[TASK INPUTS — start]
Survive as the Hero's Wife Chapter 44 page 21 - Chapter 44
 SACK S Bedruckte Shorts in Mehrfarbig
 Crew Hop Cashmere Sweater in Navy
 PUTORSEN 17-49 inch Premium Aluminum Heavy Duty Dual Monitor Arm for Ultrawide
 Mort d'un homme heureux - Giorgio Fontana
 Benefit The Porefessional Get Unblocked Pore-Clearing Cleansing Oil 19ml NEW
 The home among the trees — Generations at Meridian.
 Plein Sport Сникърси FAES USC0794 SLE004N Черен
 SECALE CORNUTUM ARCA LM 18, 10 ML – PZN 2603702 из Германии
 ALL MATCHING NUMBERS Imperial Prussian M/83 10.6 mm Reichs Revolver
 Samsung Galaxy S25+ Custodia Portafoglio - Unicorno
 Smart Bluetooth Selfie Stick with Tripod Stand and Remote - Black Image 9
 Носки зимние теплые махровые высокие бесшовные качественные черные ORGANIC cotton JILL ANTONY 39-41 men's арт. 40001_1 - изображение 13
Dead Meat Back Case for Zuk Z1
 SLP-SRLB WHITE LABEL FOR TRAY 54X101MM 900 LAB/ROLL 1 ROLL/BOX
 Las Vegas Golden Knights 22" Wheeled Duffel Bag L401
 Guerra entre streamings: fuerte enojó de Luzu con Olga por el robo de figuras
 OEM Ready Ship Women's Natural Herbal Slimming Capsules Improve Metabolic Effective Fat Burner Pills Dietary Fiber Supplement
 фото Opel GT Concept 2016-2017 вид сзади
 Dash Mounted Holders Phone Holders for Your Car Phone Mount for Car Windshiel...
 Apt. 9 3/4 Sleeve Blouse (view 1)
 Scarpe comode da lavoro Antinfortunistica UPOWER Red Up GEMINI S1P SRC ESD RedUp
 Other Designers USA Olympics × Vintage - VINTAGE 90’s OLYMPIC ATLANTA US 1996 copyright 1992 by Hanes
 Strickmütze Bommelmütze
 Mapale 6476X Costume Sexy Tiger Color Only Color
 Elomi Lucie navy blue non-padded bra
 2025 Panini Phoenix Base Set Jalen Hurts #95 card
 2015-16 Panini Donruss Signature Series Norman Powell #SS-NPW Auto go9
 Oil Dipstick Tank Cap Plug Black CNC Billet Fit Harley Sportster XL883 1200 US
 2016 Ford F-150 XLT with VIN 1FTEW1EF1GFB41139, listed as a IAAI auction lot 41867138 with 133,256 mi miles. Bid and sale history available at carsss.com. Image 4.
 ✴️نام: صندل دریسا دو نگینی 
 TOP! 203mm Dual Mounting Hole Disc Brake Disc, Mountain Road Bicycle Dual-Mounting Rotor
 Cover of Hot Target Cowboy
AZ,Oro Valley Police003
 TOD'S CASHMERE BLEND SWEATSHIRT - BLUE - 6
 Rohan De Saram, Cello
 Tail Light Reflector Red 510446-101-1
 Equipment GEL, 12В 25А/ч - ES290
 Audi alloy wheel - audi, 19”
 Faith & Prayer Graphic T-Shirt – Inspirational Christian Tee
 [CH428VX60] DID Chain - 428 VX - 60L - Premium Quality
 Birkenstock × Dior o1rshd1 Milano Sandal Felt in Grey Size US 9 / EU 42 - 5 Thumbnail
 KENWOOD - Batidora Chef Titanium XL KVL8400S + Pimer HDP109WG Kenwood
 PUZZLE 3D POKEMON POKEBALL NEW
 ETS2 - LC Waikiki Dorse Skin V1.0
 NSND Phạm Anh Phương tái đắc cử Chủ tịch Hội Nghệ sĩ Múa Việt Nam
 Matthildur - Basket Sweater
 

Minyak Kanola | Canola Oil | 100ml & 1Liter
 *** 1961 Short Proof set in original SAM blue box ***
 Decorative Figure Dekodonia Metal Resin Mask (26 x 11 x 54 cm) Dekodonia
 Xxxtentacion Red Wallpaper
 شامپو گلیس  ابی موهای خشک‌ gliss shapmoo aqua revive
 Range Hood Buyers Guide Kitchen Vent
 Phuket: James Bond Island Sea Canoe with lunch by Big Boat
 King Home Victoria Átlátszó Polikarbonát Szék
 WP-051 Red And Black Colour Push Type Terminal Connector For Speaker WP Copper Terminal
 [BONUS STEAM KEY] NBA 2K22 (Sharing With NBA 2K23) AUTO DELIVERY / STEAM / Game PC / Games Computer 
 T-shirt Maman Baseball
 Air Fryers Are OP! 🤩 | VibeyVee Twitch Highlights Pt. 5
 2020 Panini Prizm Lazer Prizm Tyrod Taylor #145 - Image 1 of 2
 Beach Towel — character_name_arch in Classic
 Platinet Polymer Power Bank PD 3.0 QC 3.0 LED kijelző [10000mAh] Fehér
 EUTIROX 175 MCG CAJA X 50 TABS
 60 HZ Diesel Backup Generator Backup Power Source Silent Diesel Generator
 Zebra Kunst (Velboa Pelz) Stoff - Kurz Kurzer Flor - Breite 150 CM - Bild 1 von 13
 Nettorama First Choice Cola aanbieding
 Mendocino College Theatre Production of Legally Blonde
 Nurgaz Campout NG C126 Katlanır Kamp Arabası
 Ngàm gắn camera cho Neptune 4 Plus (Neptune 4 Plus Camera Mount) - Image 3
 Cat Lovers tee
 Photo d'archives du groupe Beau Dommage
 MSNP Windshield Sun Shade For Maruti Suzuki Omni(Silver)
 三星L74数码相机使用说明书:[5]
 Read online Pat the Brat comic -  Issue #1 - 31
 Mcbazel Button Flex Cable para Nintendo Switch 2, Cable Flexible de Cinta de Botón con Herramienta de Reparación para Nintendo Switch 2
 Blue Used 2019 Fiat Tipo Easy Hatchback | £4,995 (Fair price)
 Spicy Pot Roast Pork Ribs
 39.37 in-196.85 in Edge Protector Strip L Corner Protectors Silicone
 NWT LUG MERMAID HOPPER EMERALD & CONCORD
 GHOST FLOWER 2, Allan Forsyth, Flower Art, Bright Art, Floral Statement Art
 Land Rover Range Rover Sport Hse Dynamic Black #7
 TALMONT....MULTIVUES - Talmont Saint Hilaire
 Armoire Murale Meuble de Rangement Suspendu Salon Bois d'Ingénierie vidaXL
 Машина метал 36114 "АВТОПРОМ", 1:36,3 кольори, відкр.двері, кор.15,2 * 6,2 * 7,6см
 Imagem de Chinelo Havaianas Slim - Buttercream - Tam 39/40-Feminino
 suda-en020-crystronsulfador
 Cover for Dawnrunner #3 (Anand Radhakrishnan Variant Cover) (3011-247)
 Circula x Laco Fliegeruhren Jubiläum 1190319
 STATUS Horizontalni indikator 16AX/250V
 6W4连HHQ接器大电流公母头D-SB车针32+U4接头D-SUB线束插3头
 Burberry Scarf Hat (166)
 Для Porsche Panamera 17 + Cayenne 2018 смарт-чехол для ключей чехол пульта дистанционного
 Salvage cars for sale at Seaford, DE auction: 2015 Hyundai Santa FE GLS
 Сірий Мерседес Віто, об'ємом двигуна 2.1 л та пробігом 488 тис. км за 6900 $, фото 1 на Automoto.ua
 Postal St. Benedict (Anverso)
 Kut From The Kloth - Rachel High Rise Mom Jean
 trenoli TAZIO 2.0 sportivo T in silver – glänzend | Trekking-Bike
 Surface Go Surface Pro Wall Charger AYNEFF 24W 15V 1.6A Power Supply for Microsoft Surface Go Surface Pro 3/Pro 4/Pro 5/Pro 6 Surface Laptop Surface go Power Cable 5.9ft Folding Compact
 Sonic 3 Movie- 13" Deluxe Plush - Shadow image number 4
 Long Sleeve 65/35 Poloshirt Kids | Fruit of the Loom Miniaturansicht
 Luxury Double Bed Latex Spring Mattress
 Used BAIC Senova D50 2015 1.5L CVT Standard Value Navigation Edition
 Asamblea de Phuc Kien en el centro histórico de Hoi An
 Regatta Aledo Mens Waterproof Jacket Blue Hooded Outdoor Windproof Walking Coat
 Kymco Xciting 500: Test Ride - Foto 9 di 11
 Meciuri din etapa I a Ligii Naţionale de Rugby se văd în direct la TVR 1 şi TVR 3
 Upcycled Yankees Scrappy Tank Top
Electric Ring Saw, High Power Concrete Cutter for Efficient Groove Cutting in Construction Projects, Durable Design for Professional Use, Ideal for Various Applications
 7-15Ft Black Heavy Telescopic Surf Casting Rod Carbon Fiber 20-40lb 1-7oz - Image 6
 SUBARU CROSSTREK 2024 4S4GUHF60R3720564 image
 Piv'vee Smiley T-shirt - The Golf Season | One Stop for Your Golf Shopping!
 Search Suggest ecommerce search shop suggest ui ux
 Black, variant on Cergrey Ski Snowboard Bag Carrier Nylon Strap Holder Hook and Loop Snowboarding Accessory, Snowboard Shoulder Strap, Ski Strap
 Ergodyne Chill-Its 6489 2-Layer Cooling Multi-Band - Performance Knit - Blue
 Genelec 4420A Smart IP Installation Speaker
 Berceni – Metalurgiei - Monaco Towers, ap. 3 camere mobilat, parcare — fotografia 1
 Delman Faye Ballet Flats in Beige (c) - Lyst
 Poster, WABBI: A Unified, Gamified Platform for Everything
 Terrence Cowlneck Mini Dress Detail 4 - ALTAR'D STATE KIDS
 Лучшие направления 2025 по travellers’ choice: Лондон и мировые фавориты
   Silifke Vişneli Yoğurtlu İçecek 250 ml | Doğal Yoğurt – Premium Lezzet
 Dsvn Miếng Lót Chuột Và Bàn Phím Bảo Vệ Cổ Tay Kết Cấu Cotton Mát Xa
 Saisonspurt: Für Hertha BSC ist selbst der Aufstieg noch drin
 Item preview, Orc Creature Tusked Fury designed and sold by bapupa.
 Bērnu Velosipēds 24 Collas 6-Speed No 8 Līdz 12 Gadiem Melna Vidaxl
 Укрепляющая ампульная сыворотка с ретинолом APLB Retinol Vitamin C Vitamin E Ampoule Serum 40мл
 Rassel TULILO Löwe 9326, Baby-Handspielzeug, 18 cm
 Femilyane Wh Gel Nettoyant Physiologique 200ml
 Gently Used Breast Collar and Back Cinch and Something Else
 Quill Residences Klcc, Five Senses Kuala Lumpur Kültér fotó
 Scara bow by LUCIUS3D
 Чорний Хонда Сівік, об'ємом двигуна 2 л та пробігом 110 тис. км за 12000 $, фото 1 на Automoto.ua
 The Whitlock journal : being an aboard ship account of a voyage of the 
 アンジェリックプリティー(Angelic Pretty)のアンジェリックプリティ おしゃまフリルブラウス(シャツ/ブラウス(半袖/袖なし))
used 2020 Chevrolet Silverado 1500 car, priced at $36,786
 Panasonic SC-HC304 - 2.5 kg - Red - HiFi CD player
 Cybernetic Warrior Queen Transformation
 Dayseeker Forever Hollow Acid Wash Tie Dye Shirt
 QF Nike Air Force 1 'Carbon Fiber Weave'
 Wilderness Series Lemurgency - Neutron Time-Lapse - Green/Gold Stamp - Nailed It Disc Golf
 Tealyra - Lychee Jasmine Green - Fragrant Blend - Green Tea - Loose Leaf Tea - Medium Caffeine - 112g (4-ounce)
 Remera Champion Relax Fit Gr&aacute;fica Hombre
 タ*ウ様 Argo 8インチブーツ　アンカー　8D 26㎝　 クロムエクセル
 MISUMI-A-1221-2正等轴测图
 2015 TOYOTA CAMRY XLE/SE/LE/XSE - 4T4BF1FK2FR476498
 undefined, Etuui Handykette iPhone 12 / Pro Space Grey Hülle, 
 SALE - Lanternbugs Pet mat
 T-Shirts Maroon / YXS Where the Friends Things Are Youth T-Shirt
[TASK INPUTS — finish]
• [ASSIGNMENT]
Write out exactly the lines between the start of the entries and the line containing "Strickmütze Bommelmütze", including that line and the first one.

• [OUTPUT OF THE EXERCISE]
Survive as the Hero's Wife Chapter 44 page 21 - Chapter 44
 SACK S Bedruckte Shorts in Mehrfarbig
 Crew Hop Cashmere Sweater in Navy
 PUTORSEN 17-49 inch Premium Aluminum Heavy Duty Dual Monitor Arm for Ultrawide
 Mort d'un homme heureux - Giorgio Fontana
 Benefit The Porefessional Get Unblocked Pore-Clearing Cleansing Oil 19ml NEW
 The home among the trees — Generations at Meridian.
 Plein Sport Сникърси FAES USC0794 SLE004N Черен
 SECALE CORNUTUM ARCA LM 18, 10 ML – PZN 2603702 из Германии
 ALL MATCHING NUMBERS Imperial Prussian M/83 10.6 mm Reichs Revolver
 Samsung Galaxy S25+ Custodia Portafoglio - Unicorno
 Smart Bluetooth Selfie Stick with Tripod Stand and Remote - Black Image 9
 Носки зимние теплые махровые высокие бесшовные качественные черные ORGANIC cotton JILL ANTONY 39-41 men's арт. 40001_1 - изображение 13
Dead Meat Back Case for Zuk Z1
 SLP-SRLB WHITE LABEL FOR TRAY 54X101MM 900 LAB/ROLL 1 ROLL/BOX
 Las Vegas Golden Knights 22" Wheeled Duffel Bag L401
 Guerra entre streamings: fuerte enojó de Luzu con Olga por el robo de figuras
 OEM Ready Ship Women's Natural Herbal Slimming Capsules Improve Metabolic Effective Fat Burner Pills Dietary Fiber Supplement
 фото Opel GT Concept 2016-2017 вид сзади
 Dash Mounted Holders Phone Holders for Your Car Phone Mount for Car Windshiel...
 Apt. 9 3/4 Sleeve Blouse (view 1)
 Scarpe comode da lavoro Antinfortunistica UPOWER Red Up GEMINI S1P SRC ESD RedUp
 Other Designers USA Olympics × Vintage - VINTAGE 90’s OLYMPIC ATLANTA US 1996 copyright 1992 by Hanes
 Strickmütze Bommelmütze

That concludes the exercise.